# floor for clam type shack



## rottengander (Oct 2, 2010)

Wondering if anyone has made a floor or boughten a floor for a fold over type ice shack? I was thinking a sheet of green treat plywood would do. Does anyone know of a better idea or seen a floor from a differant shack be used in a fold over?


----------



## goosehunternd (Mar 10, 2006)

I bought a flip over to be quick and portable when a guy starts adding extra stuff like that it takes the whole point of a flip over house away


----------



## rottengander (Oct 2, 2010)

Want the floor for when I take my 5 year old son. It would be easier for him to walk on a floor and keep his feet warmer and off the ice.


----------



## MOB (Mar 10, 2005)

A piece of carpet cut to size would work well in frozen conditions. It would keep your son dry and warm and be easy to store and transport.


----------



## HUNTNFISHND (Mar 16, 2004)

MOB said:


> A piece of carpet cut to size would work well in frozen conditions. It would keep your son dry and warm and be easy to store and transport.

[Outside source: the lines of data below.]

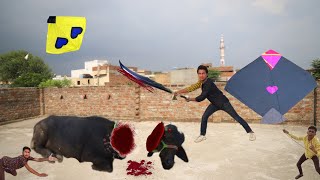 Kite Cutting With Eid Cow Zaba  Kite [upl. by Ahsiyk860]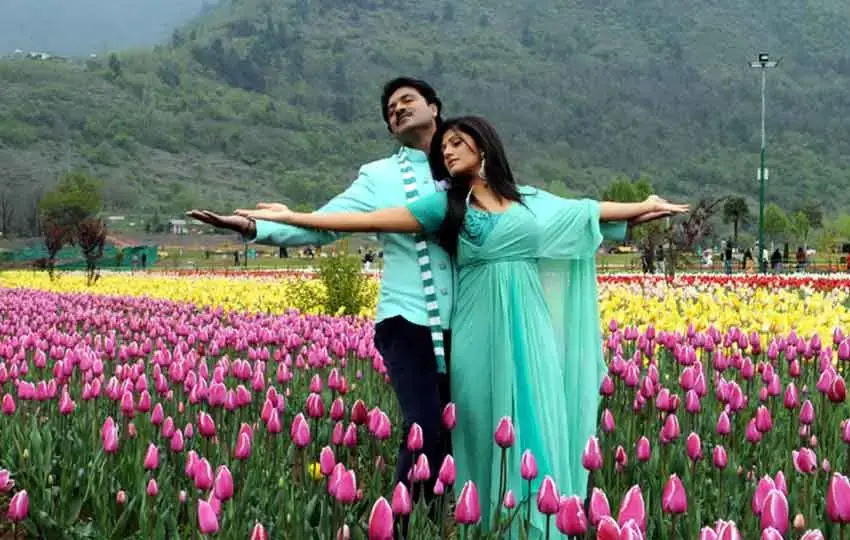 kashmir-honeymoon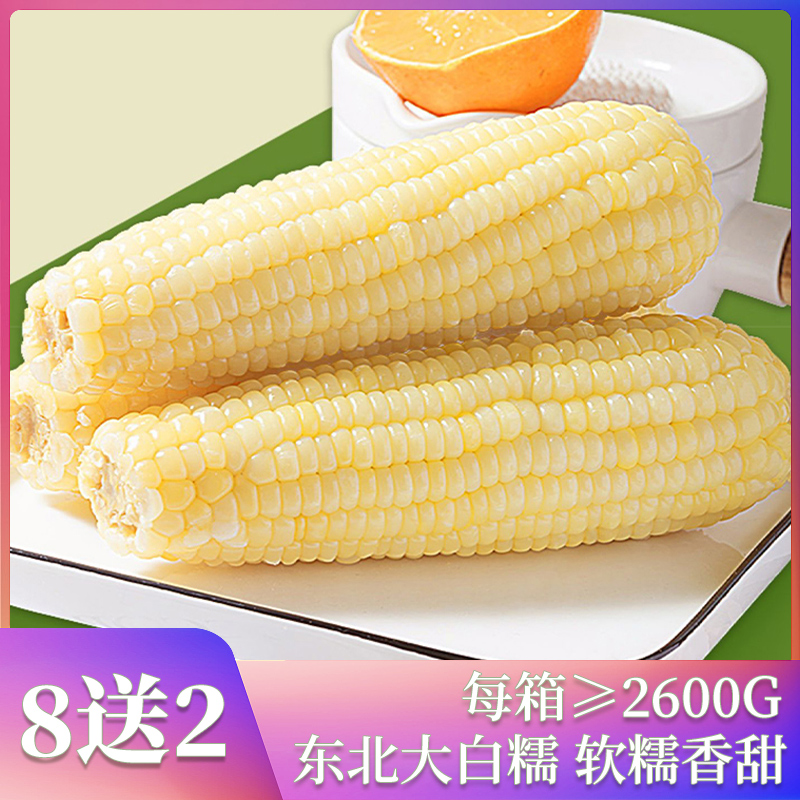 【10根正宗东北粘糯玉米白糯玉米粘玉米≥280G/棒早餐代餐玉米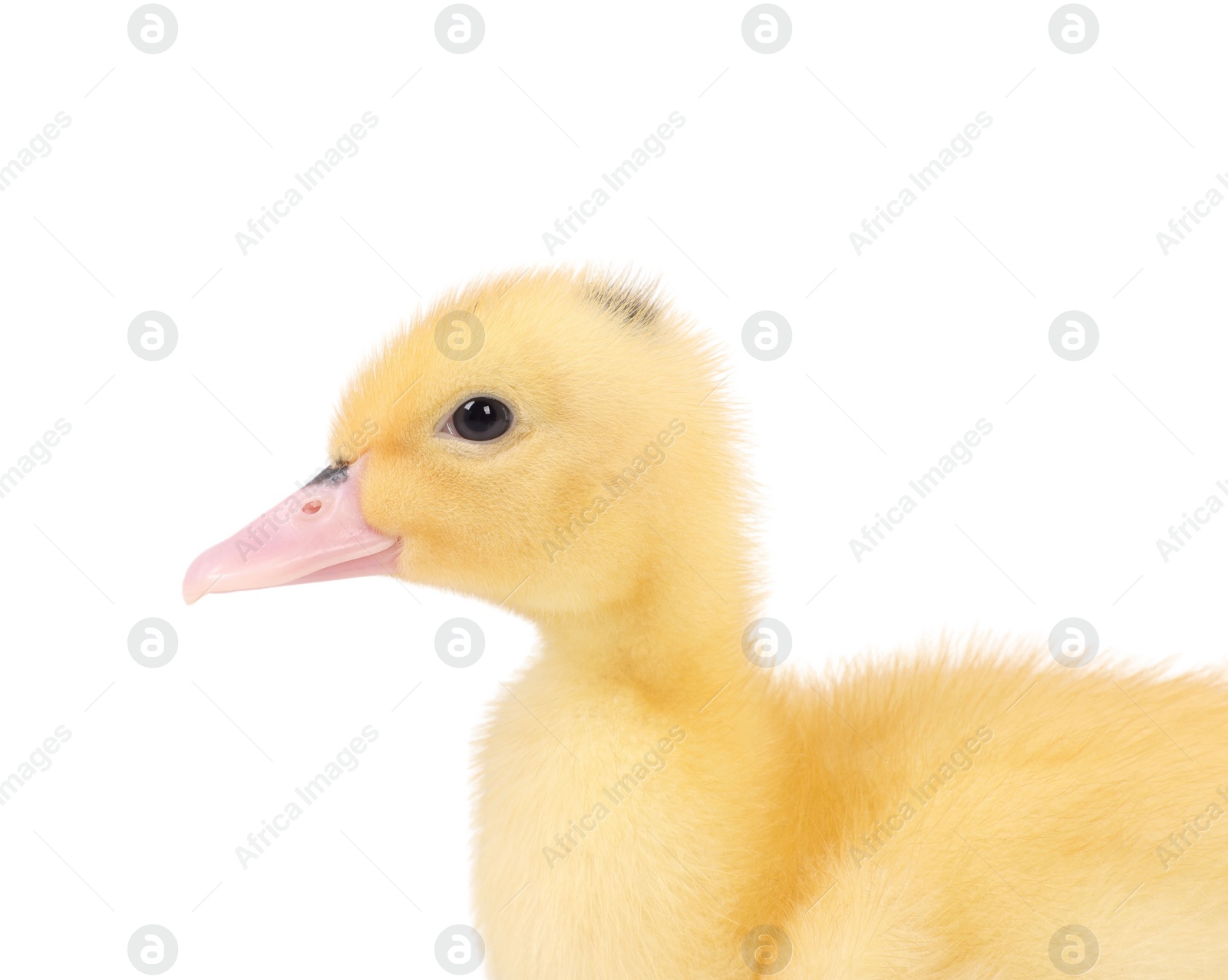 Photo of Baby animal. Portrait of cute fluffy duckling on white background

Yep, that's what I use, peice of old carpet with a rubber backing, or an old rug or door mat. Just something for when the ice gets slick.


----------



## Backwater Eddy (Jun 16, 2003)

Rubber floor mats do best of all, they do not absorb water and freeze up.

A couple chunks of rubber bed liner also does well. Try to match the size to the sled, makes storage and transport a snap and helps to protect gear from bouncing when towing long distances.

Real rubber is best, not PVC or synthetics, because they freeze up stiffen and crack in the cold.

Carpet just gets wet and turns into cold concrete or leaks in the rig once it melts on the way home.


----------